What does "pastured hens" mean? Does it mean the eggs are pasteurized?
No, our eggs are not pasteurized. "Pastured hens" means that our hens are running out on pastures of grass every day. On our farm, we have what we call "rotational pastures" around each of our barns. During the grazing season, we open up a barn to one pasture for awhile, and then we close that one off when it is grazed down a bit, and open another door on another side of the barn to another pasture.
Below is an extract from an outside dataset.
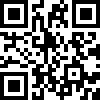 https://isna.ir/xdG3NM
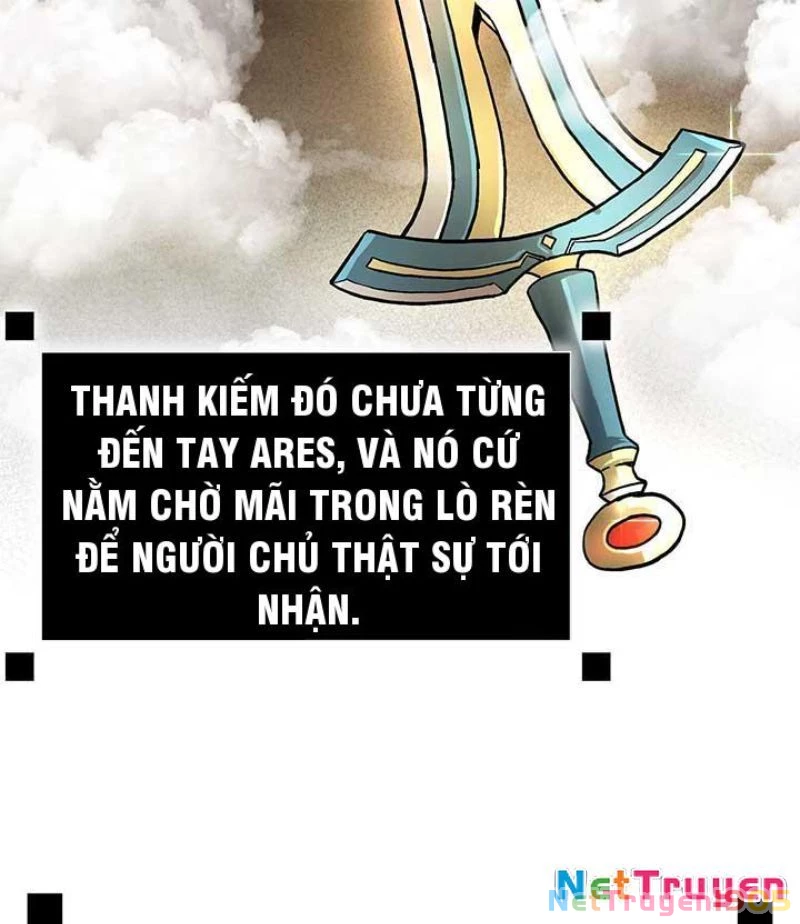 Làm Thế Nào Tôi Trở Thành Một Thợ Săn Giao Hàng Cấp SSS Chapter 3 - 86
Each barn has between 3 and 4 pastures of grass around it, each over an acre in size to allow a grazed pasture to recover and regrow, while allowing the chickens to always have a fresh grassy pasture, complete with those delicious insects (at least to a chicken) to "graze." This also keeps down destructive parasites as the chickens are constantly being moved to a fresh pasture, while the sunshine is allowed to purify the used site. Now, keep in mind this is Montana, so while the chickens are still running around outside all the time, there are times of the year that the pastures are snow covered and the grass is not green. It's another time of year that "purifies" those areas with extremely cold temperatures.
Why do the eggs in a Large or an Extra Large carton seem to vary in size from time to time?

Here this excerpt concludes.